§ Work to complete:
Below is a listing. Return the lines from the one that contains "But what is" to the one that contains "That pretty much", both ends included, verbatim and with no pictures.

§ Data to examine:

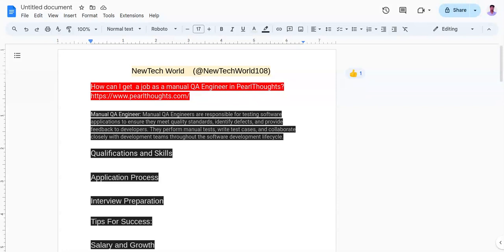Continuous learning - stay updated on industry trends, testing technologies, and tools to enhance your skills. And the last one is problem solving skills - develop your problem solving abilities to identify, analyze, and resolve software related issues.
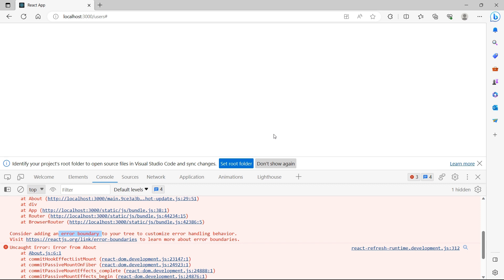But what is this error boundary? React has a mechanism that would help us to handle errors gracefully without crashing the application. In our example, error was thrown in the about component. But why are we not seeing other components, home and contact us? It's not the ideal expectation. User will expect some response from the UI.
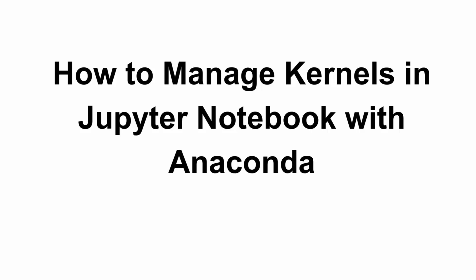Hello everyone, welcome back to the channel. Managing kernels in Jupyter Notebook using Anaconda is simple and essential when working with different environments or programming languages. In today's video, let us see how we can view, add and remove kernels. So let's get started.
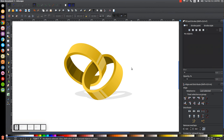That pretty much does it for this tutorial — that's how you can create a couple of interlocking rings using Inkscape. If you have any questions let me know, and as always, thank you for watching.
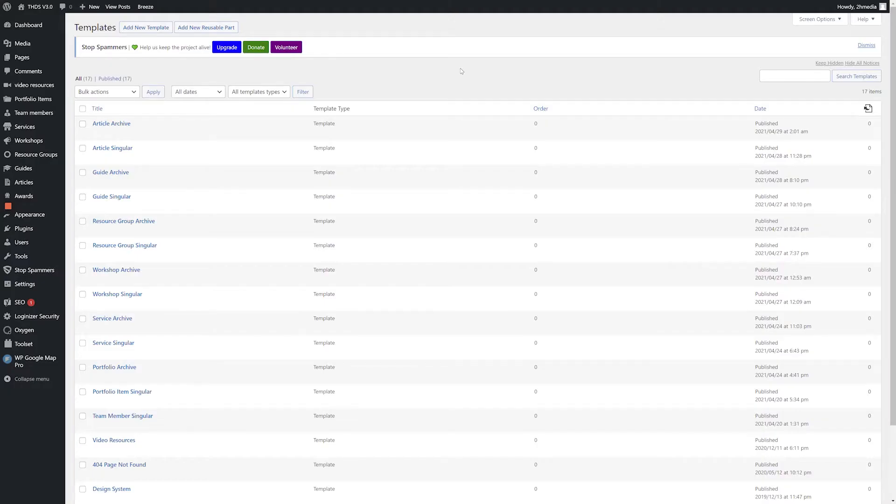On the Templates page, you may see any number of templates which can be used for a variety of different things. We use a singular template to contain the header and footer for every single page. We also use individual templates to represent the archive pages and individual pages for different types of posts we've created using Toolset.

§ Reply:
But what is this error boundary? React has a mechanism that would help us to handle errors gracefully without crashing the application. In our example, error was thrown in the about component. But why are we not seeing other components, home and contact us? It's not the ideal expectation. User will expect some response from the UI.
Hello everyone, welcome back to the channel. Managing kernels in Jupyter Notebook using Anaconda is simple and essential when working with different environments or programming languages. In today's video, let us see how we can view, add and remove kernels. So let's get started.
That pretty much does it for this tutorial — that's how you can create a couple of interlocking rings using Inkscape. If you have any questions let me know, and as always, thank you for watching.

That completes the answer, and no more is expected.